**Assignment**
The reply should be an exact repeat of the listing, with no pictures in it.

**Listed records**
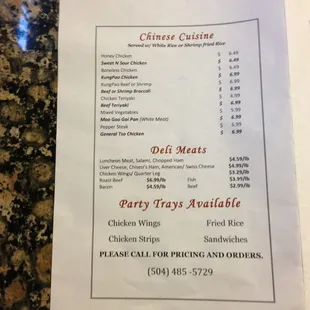 the menu and prices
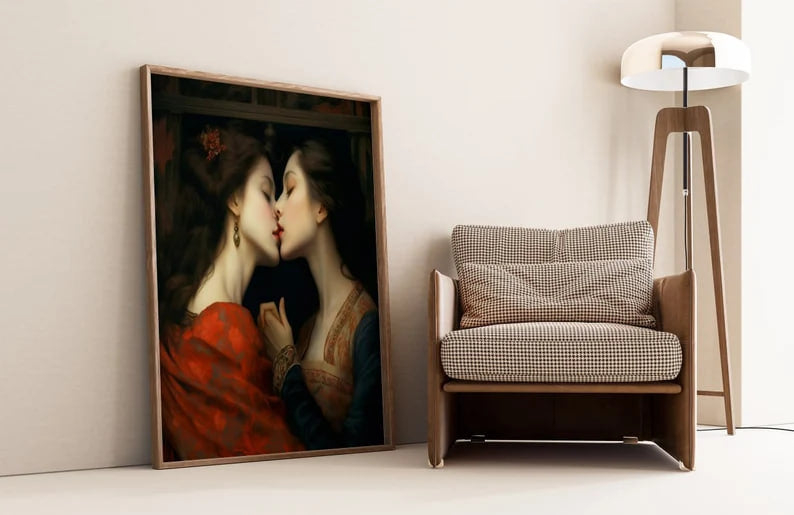 wall art, Vintage lesbian art,poster, Lesbian Kissing Art, housewarming gift, home decor, Gifts for girls, Gifts for friends, Gifts, Birthday Gifts, art print
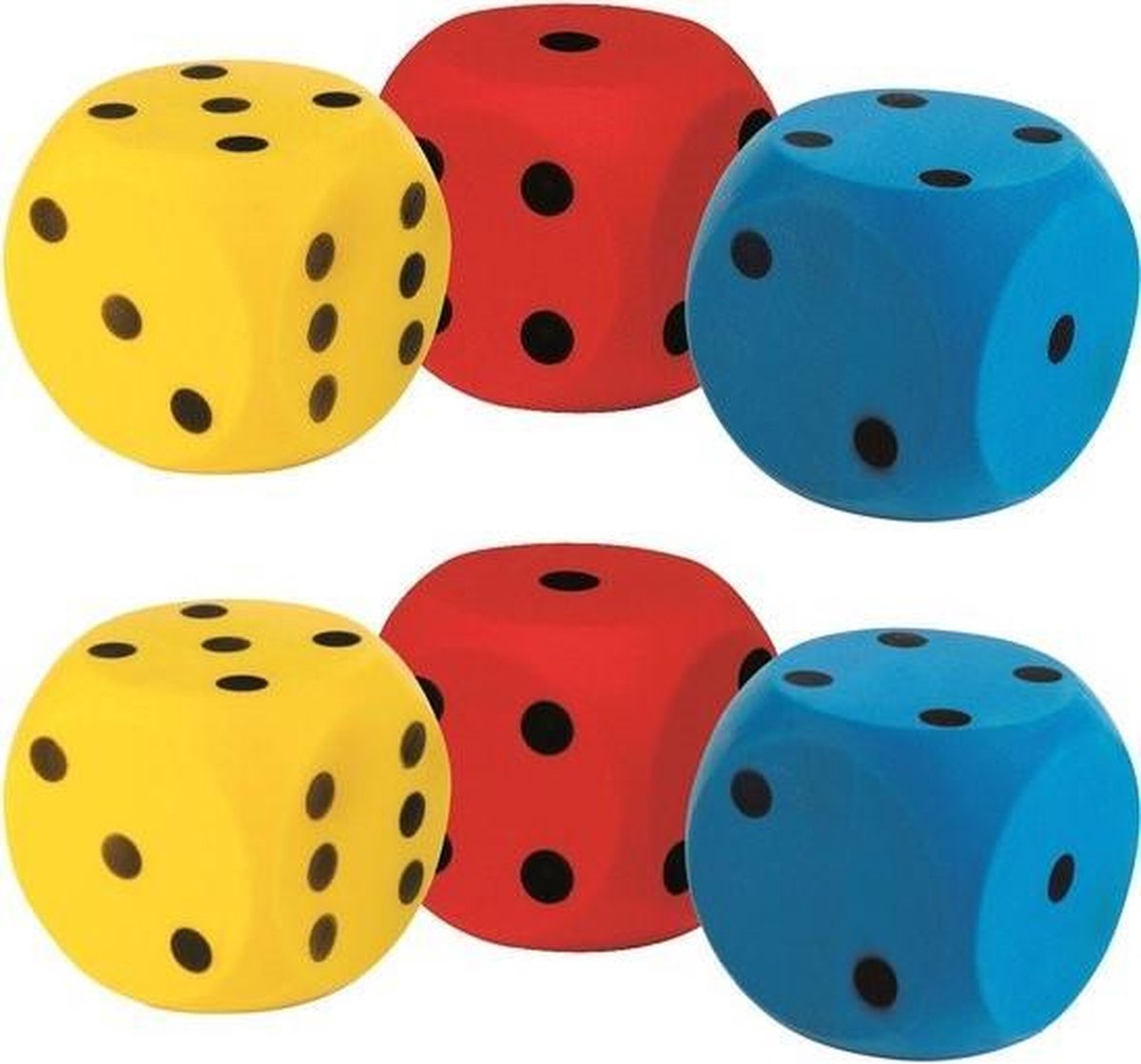 Grote foam dobbelsteen set van 6 stuks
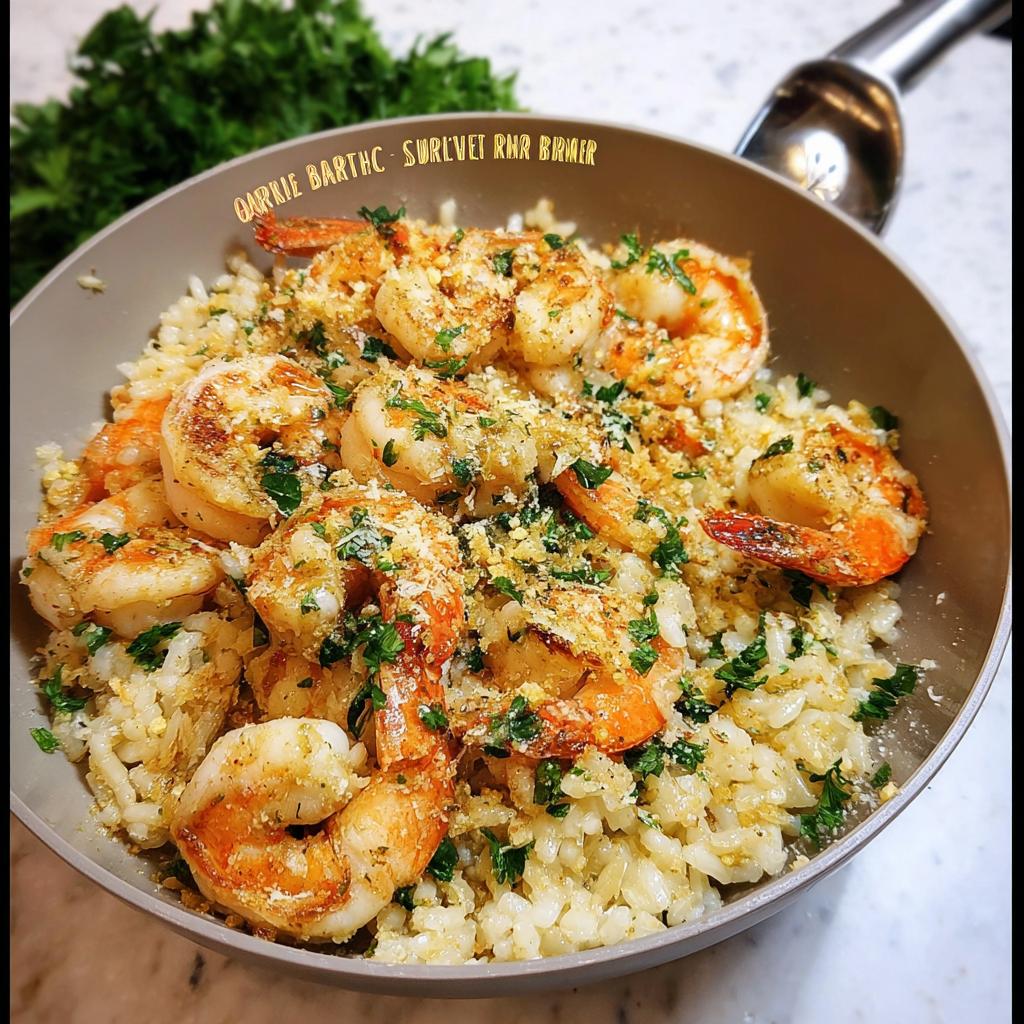 A close-up of a Garlic Butter Shrimp Rice Bowl, featuring plump shrimp over creamy rice, garnished with parsley and breadcrumbs.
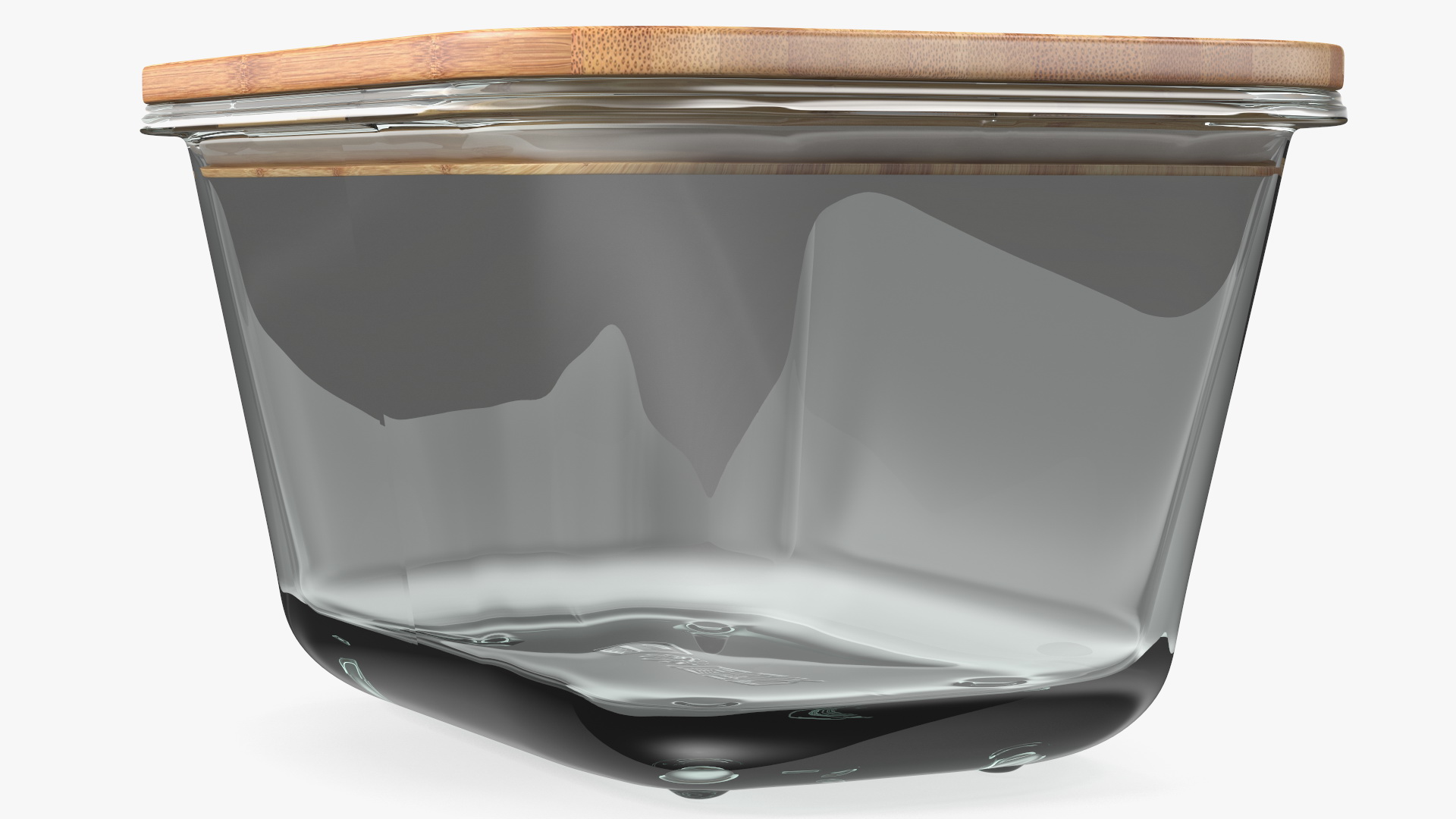 3D model Rectangular Glass Food Container with Bamboo Lid 1800ml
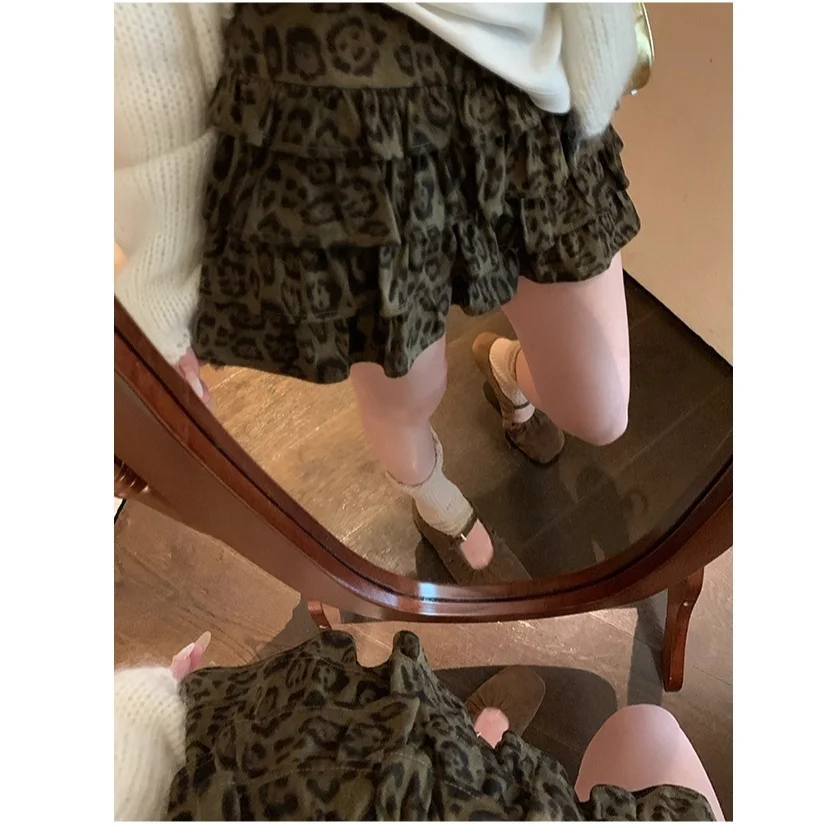 Leopard Print A-line Skirt, Spicy Girl, Casual Elastic Waist, Versatile Cake Skirt, Retro Slimming Short Skirt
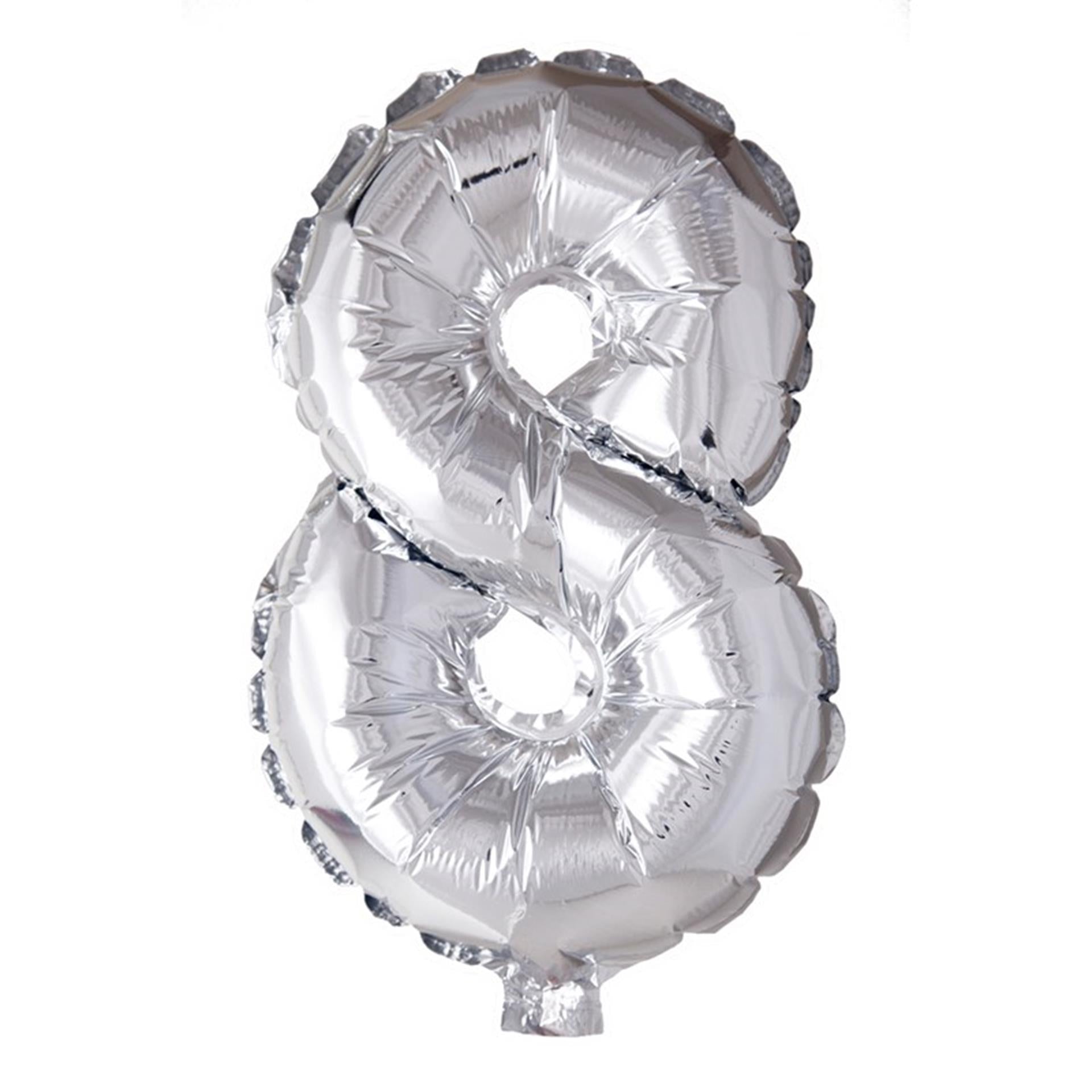 Ballon aluminium Globos numéro '8' argent 40cm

**Solution for this task**
 the menu and prices
 wall art, Vintage lesbian art,poster, Lesbian Kissing Art, housewarming gift, home decor, Gifts for girls, Gifts for friends, Gifts, Birthday Gifts, art print
 Grote foam dobbelsteen set van 6 stuks
 A close-up of a Garlic Butter Shrimp Rice Bowl, featuring plump shrimp over creamy rice, garnished with parsley and breadcrumbs.
 3D model Rectangular Glass Food Container with Bamboo Lid 1800ml
 Leopard Print A-line Skirt, Spicy Girl, Casual Elastic Waist, Versatile Cake Skirt, Retro Slimming Short Skirt
 Ballon aluminium Globos numéro '8' argent 40cm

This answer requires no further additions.